[RECORDS TO PROCESS]
--

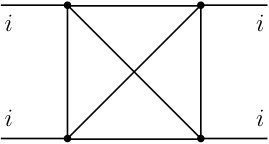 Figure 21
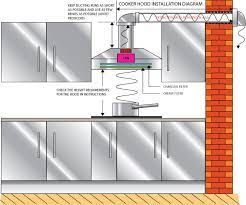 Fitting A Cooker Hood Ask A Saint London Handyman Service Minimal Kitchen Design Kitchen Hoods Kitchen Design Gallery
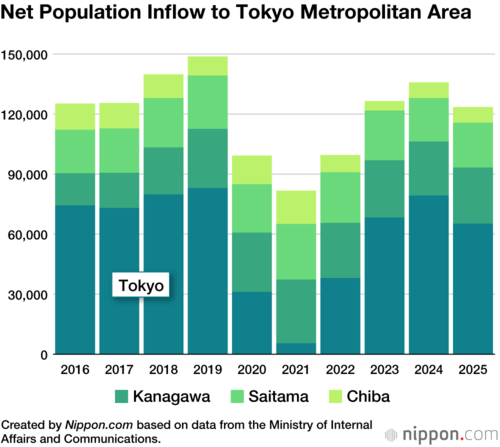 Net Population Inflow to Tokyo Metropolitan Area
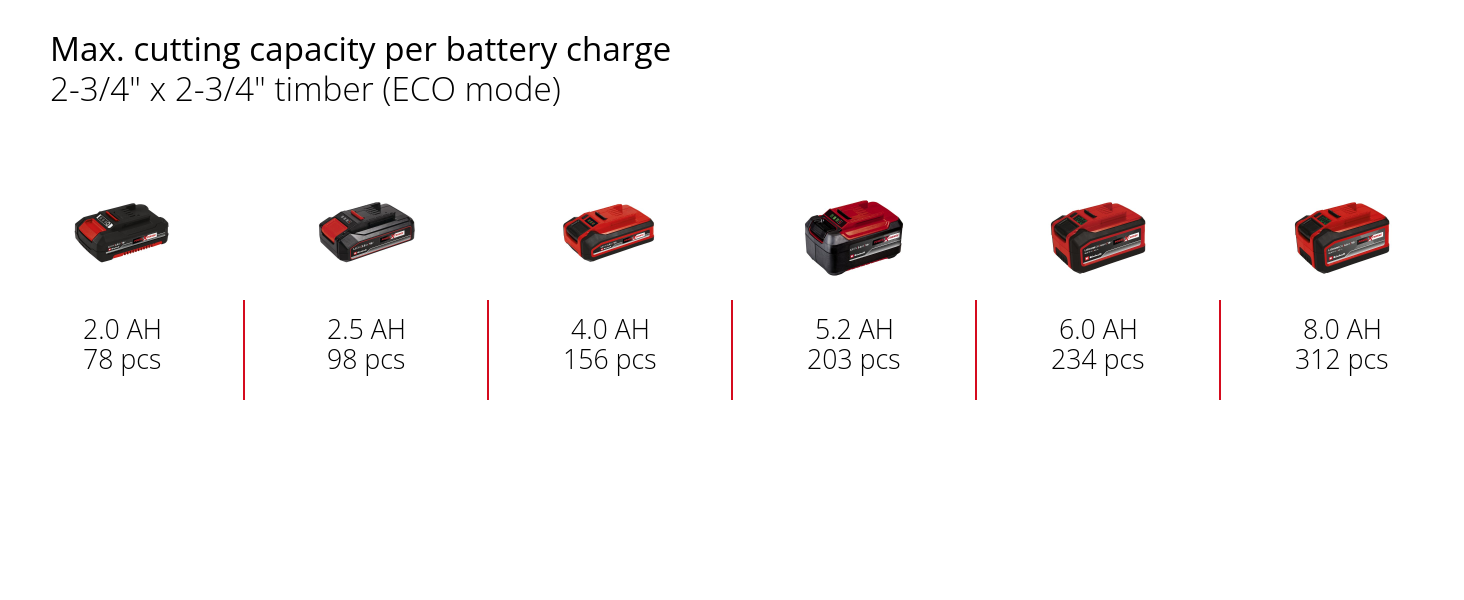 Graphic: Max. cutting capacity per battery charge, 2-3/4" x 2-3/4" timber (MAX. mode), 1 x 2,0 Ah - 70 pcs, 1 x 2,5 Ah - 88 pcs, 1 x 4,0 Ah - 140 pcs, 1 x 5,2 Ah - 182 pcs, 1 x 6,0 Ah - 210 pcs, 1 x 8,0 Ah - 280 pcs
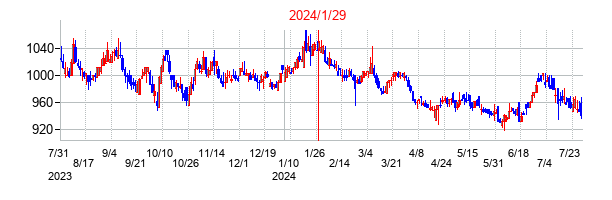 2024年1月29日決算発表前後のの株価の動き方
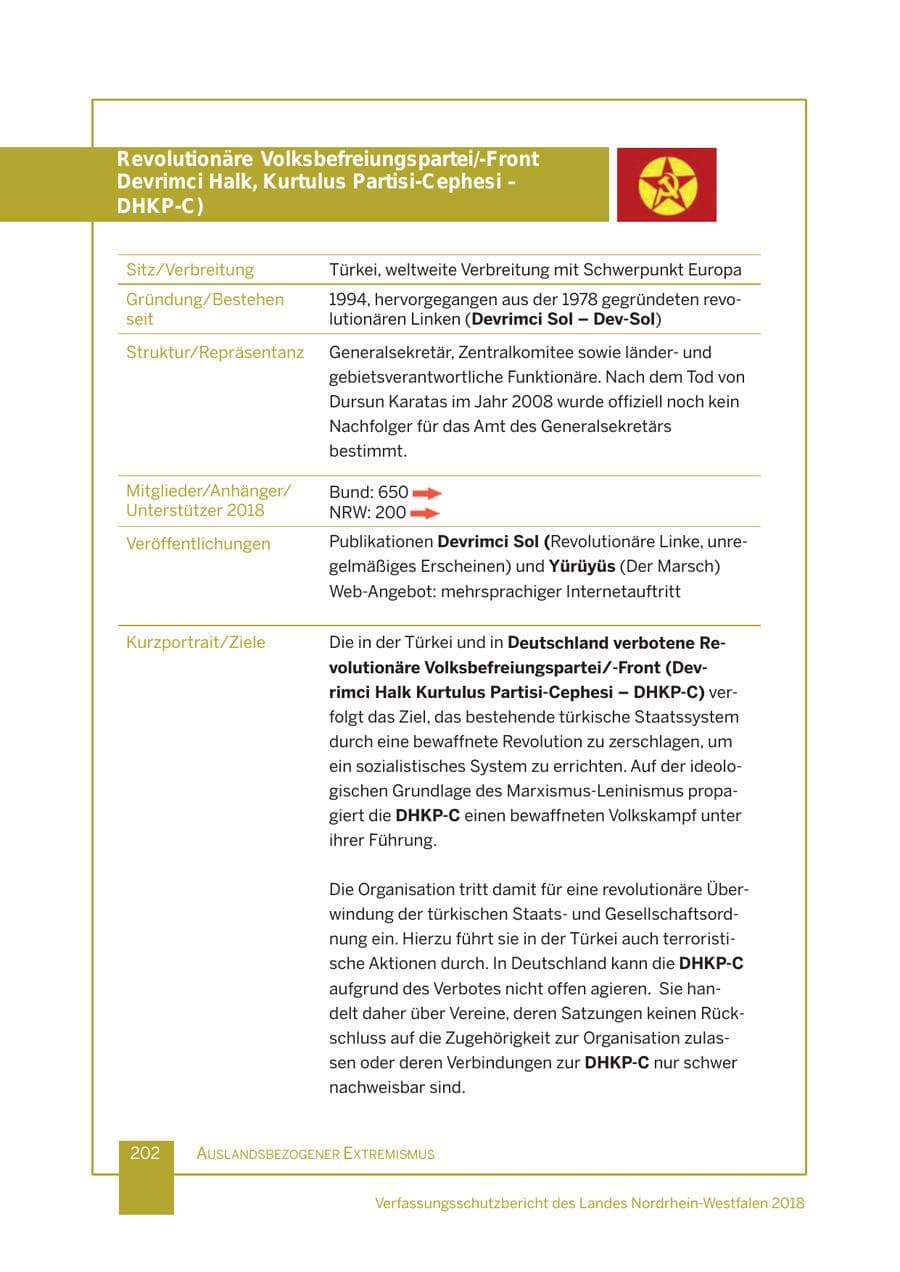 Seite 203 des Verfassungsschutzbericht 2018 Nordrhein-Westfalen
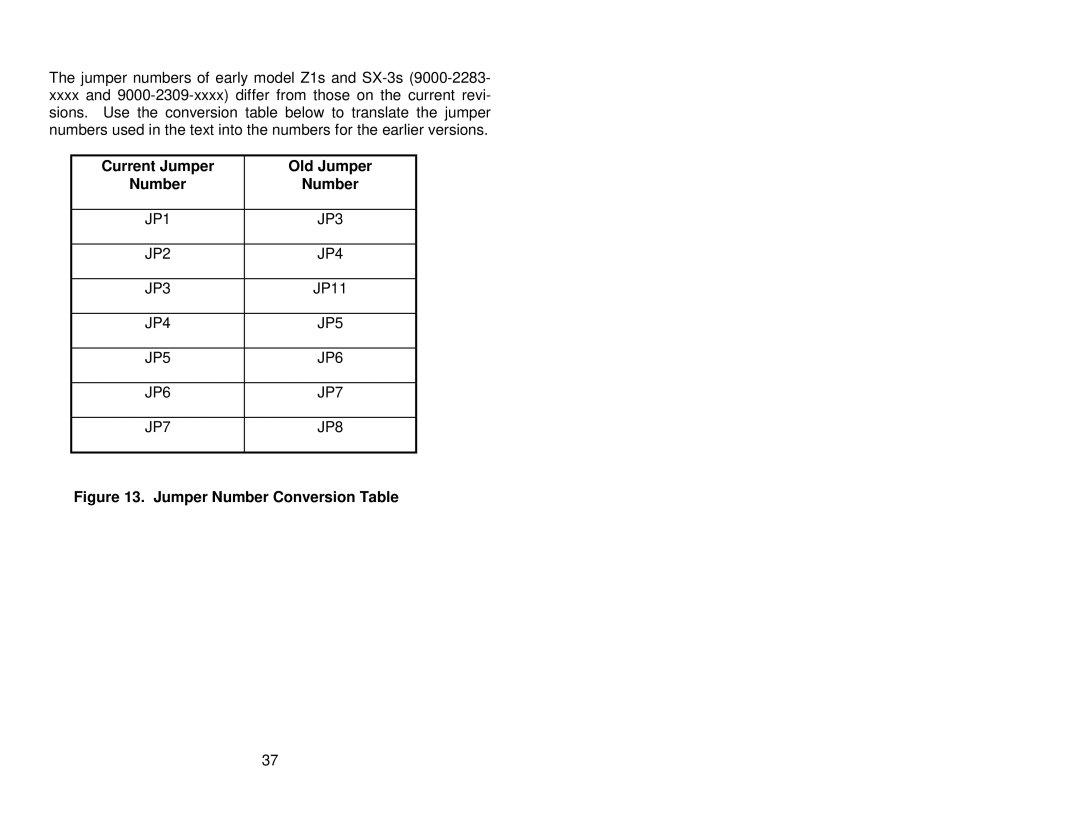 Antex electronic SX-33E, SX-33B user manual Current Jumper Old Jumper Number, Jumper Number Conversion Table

--

[REQUIRED WORK] Give the data above again, exactly, with every picture removed.

[SOLVED EXERCISE]
 Figure 21
 Fitting A Cooker Hood Ask A Saint London Handyman Service Minimal Kitchen Design Kitchen Hoods Kitchen Design Gallery
 Net Population Inflow to Tokyo Metropolitan Area
 Graphic: Max. cutting capacity per battery charge, 2-3/4" x 2-3/4" timber (MAX. mode), 1 x 2,0 Ah - 70 pcs, 1 x 2,5 Ah - 88 pcs, 1 x 4,0 Ah - 140 pcs, 1 x 5,2 Ah - 182 pcs, 1 x 6,0 Ah - 210 pcs, 1 x 8,0 Ah - 280 pcs
 2024年1月29日決算発表前後のの株価の動き方
 Seite 203 des Verfassungsschutzbericht 2018 Nordrhein-Westfalen
 Antex electronic SX-33E, SX-33B user manual Current Jumper Old Jumper Number, Jumper Number Conversion Table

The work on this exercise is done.